Вот я и запомнил ее как систему сокрытий. Будто одно действие загораживало другое и так далее. Она всегда пребывала в глубине преусложненных психических драпировок, вытканных ею самой, начиная с самого малолетства, окутанного непроясненными легендами.
Она вообще была мастер экстатических историй: они просто волнами набегали одна на другую, приключались с нею и еще с некими известными лауреатами сверхпремий, когда все были ну просто запредельно пьяны где–то на кухне в самом центре мировой цивилизации, где звучит только истинная правда о ее невероятном даре, равном в подлунном мире которому не было. Частности быта и поведения опускались или излагались по–журналистски бегло и общо. Подробны были только развернутые реплики восхищения, обращенные к ней. Участники действа обязательно в какой–то момент начинали сначала плакать, а потом и безудержно рыдать, не в силах это восхищение сдерживать.
Она с удовольствием рассказывала, как попадала в эпицентры невероятных происшествий. Я помню новеллу о гибельной ауре прекрасных городов, где вечер вдруг сгущался туманом, тянуло сернистыми миазмами, и на этом фоне ее преследовали просто–таки готические приключенья. Например, низкорослые — венецианские, флорентийские, болонские, падуанские или же (в худшем случае) римские мужчины–маниаки, в глубине самой знаменитой улицы–галереи сфокусировавшиеся просто из ничего, они косолапо шлепали по аркадам в ее сторону, гулко сопя за ее спиной. Но она всегда разворачивалась на сто восемьдесят и смело шла им навстречу, и они тут же исчезали, будто некая сила напяливала на них шапку–невидимку.

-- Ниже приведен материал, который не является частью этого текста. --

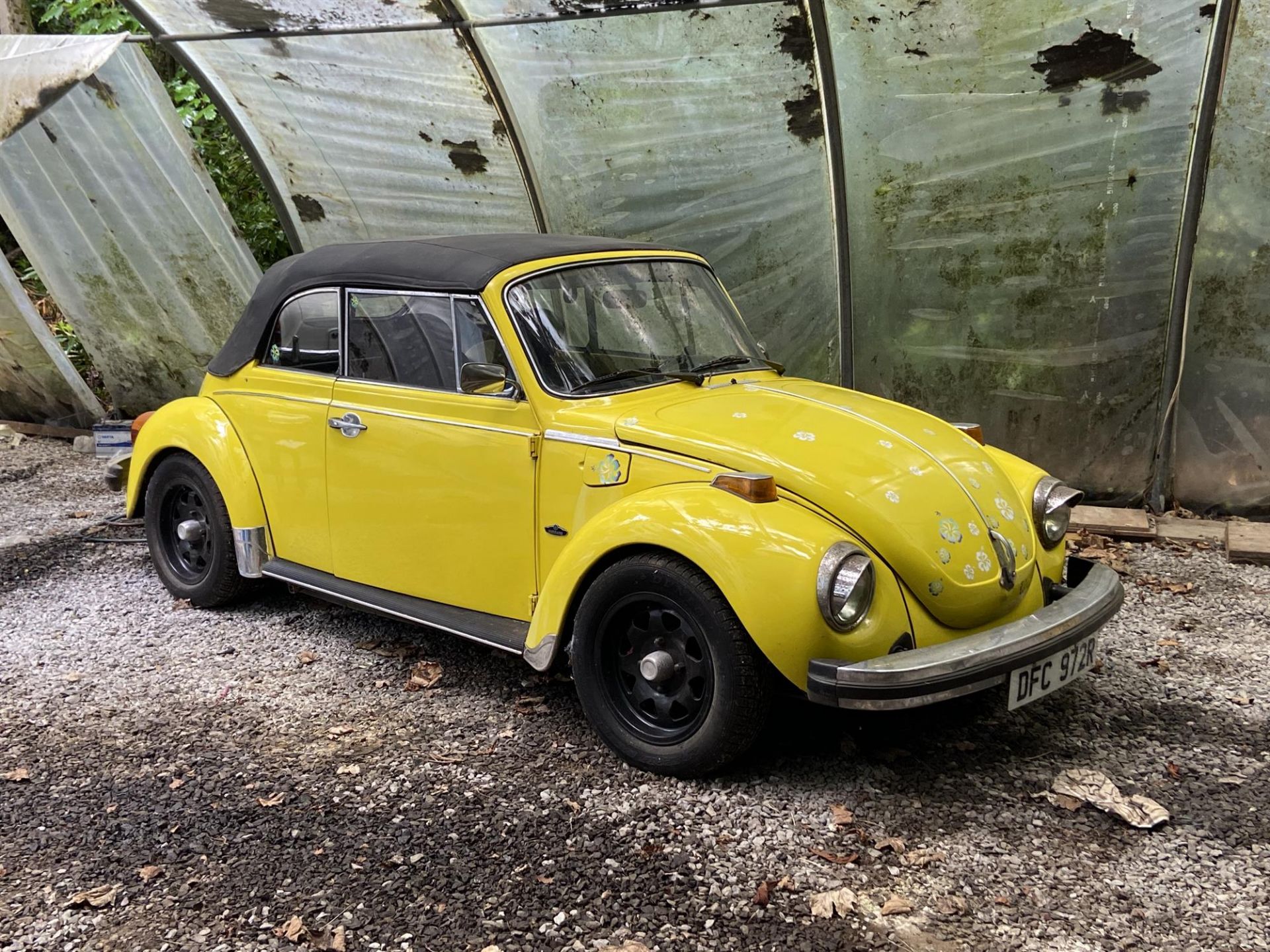 1977 Volkswagen Beetle Convertible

Я слышал эти истории по нескольку раз, они разнились только местом действия.
Еще одна обязательная мизансцена всплывала в ее рассказах, и это вошло в канон, — тихо плачущие стайки робких поклонников и поклонниц, оседающих перед ней на слабые колени при полных амфитеатрах прочей публики, они успевали только обморочно шепнуть типа: «Вы только, пожалуйста, будьте. О…».
Благодаря этим настойчивым фантазиям я видел в ней неутолимую жажду оваций, здравиц, букетов, брошенных к сияющей рампе. Для этого наблюдения не надо было быть проницательным. И она чудилась мне чем–то вроде печи, странно сооруженной посреди гигантского зала, где обогревать, кроме сквозняков, совершенно нечего. Ее безобидные фантазии и наивное бахвальство были на самом деле такими маленькими заслонками; что за ними билось настоящее пламя, я могу поручиться.
Литературная челка достигала темных поблескивающих очей, чуть прикрытых веками наискосок, опущенными по внешним краям. Боже мой, как эта характерная особенность, присущая только сверходаренным от рождения людям (в ее изложении), называется, такой прекрасный латинский анатомический термин?
Темный сноп волос укрупнял голову, и я понимал, что волосы складываются не прической, а укрытием, где пережидают опасность. Съеденные ногти — единственное, что «выступало» из укрытия, — свидетельствовали о ее теле по–детски трогательно и как–то очень обидчиво. Она, повторю еще раз, была как волшебная печка, которая может без банальных дров греться собственным пламенем, так как в абсолютном смысле она была бесплотной и пережигала в дым любой намек на людское.